Available records START

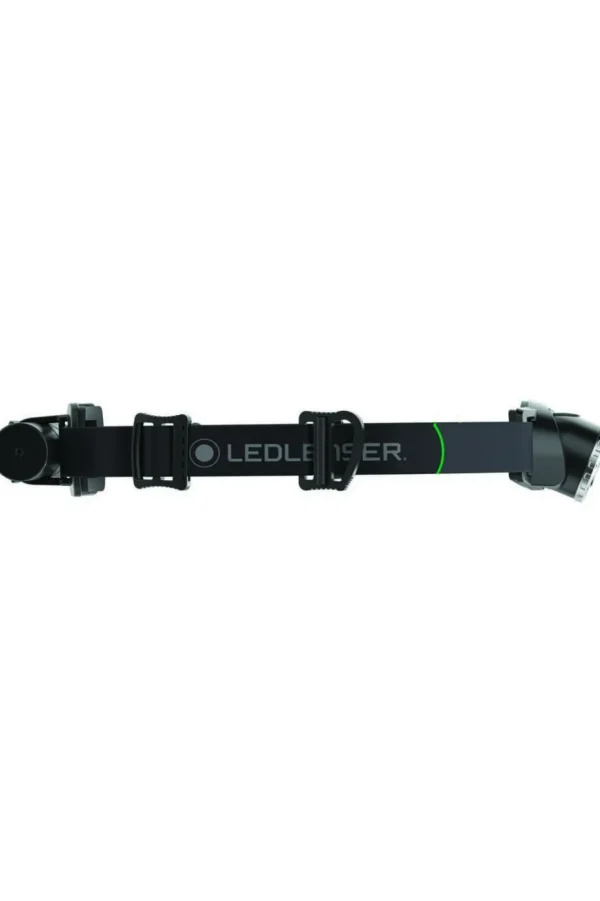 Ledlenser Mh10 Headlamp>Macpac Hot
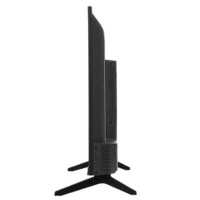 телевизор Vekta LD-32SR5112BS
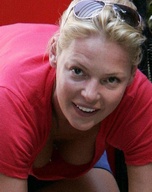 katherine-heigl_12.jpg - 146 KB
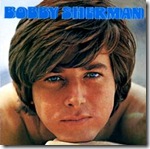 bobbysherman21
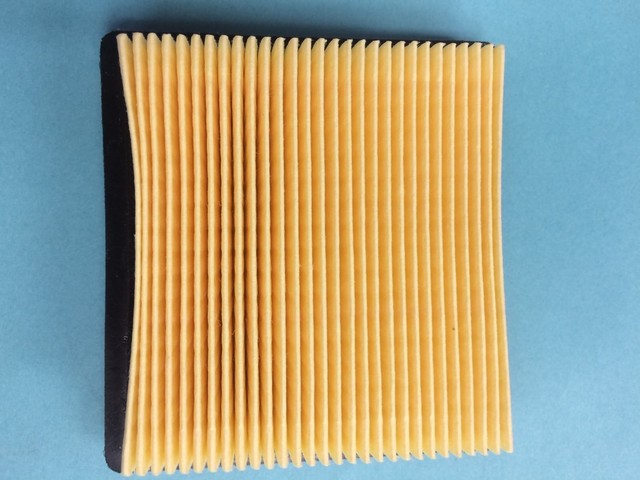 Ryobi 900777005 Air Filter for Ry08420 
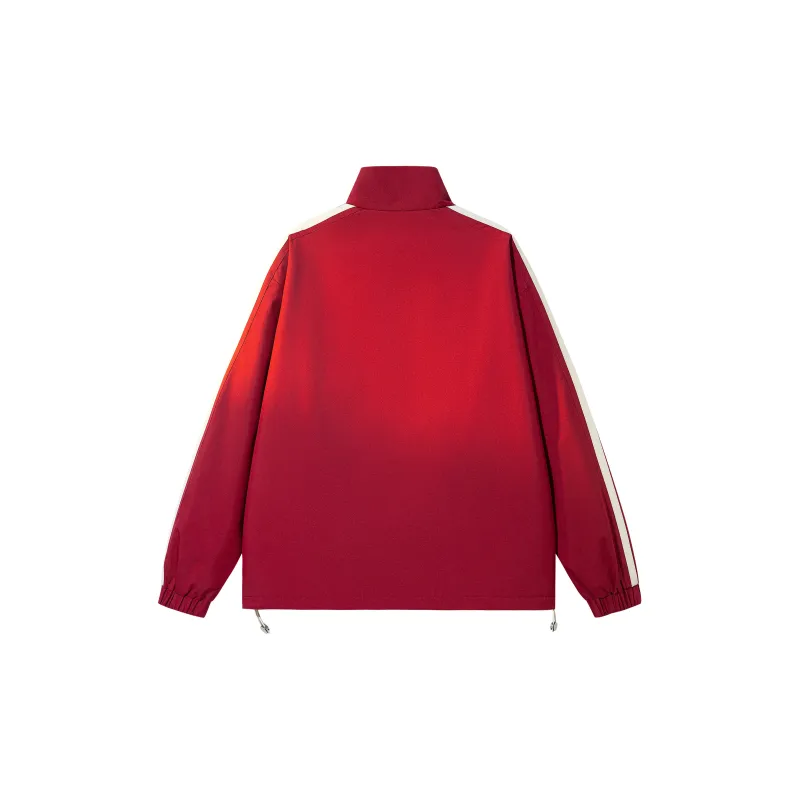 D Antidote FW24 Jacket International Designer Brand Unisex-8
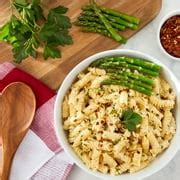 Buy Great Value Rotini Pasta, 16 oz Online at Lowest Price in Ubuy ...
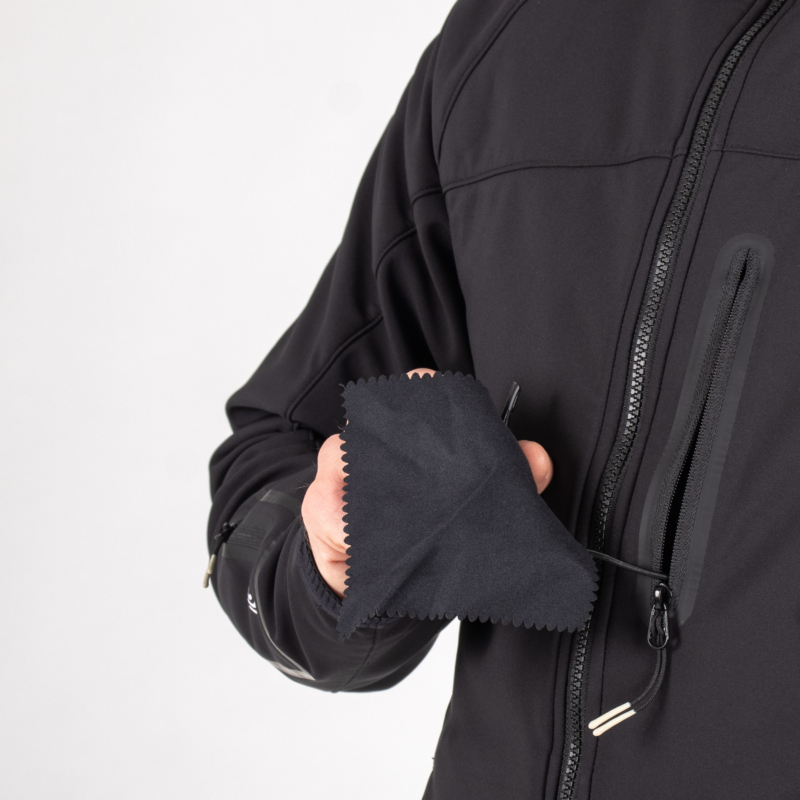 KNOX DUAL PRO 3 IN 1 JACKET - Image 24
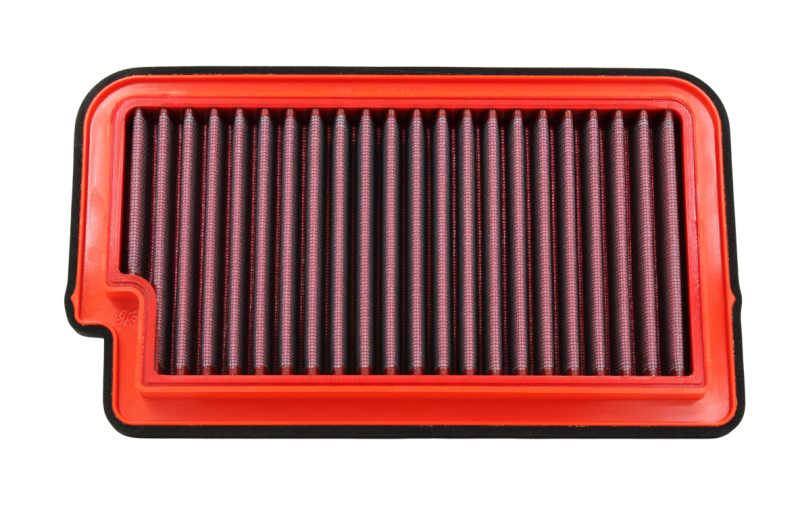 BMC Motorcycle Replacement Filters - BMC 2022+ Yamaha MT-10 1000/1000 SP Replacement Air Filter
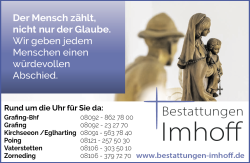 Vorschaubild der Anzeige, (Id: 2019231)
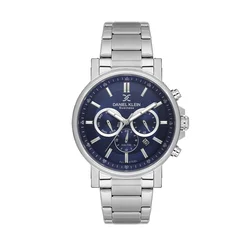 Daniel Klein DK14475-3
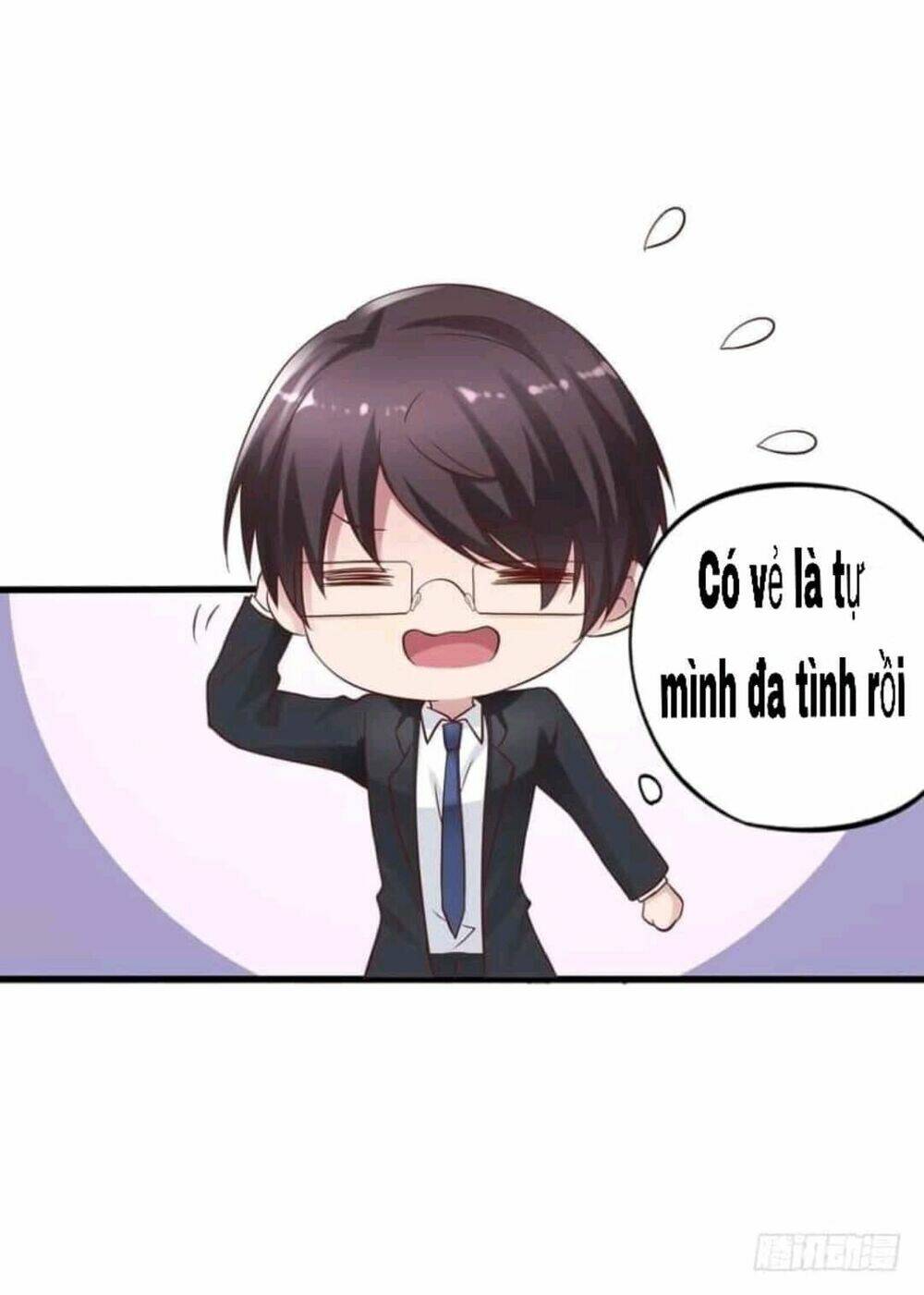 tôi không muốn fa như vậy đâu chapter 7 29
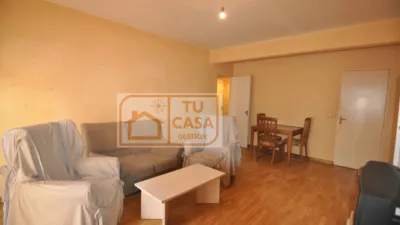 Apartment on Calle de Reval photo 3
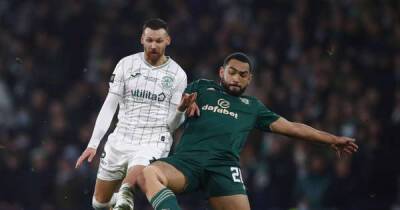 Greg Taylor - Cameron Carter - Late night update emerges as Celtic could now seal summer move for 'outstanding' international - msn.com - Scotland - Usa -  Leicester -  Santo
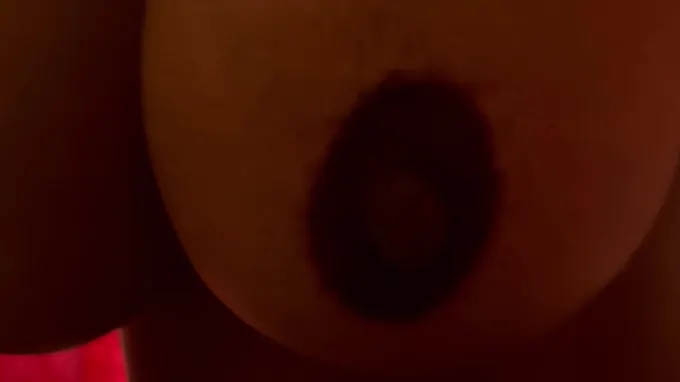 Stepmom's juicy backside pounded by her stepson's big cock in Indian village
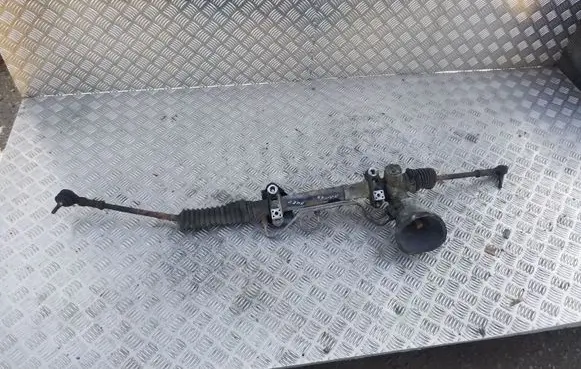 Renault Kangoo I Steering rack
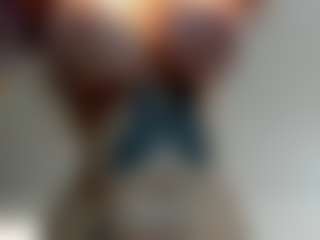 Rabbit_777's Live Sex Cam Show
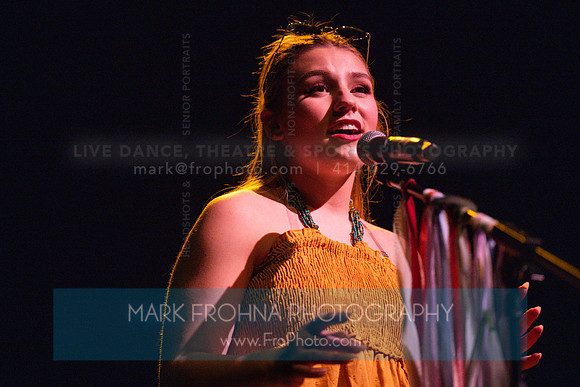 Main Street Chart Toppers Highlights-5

Available records END

[Work required] Whatever lies between the first line of the data and the line holding "Greg Taylor - Cameron", inclusive, should be repeated exactly, apart from the pictures.

[Task output]
 Ledlenser Mh10 Headlamp>Macpac Hot
 телевизор Vekta LD-32SR5112BS
 katherine-heigl_12.jpg - 146 KB
 bobbysherman21
 Ryobi 900777005 Air Filter for Ry08420 
 D Antidote FW24 Jacket International Designer Brand Unisex-8
 Buy Great Value Rotini Pasta, 16 oz Online at Lowest Price in Ubuy ...
 KNOX DUAL PRO 3 IN 1 JACKET - Image 24
 BMC Motorcycle Replacement Filters - BMC 2022+ Yamaha MT-10 1000/1000 SP Replacement Air Filter
 Vorschaubild der Anzeige, (Id: 2019231)
 Daniel Klein DK14475-3
 tôi không muốn fa như vậy đâu chapter 7 29
 Apartment on Calle de Reval photo 3
 Greg Taylor - Cameron Carter - Late night update emerges as Celtic could now seal summer move for 'outstanding' international - msn.com - Scotland - Usa -  Leicester -  Santo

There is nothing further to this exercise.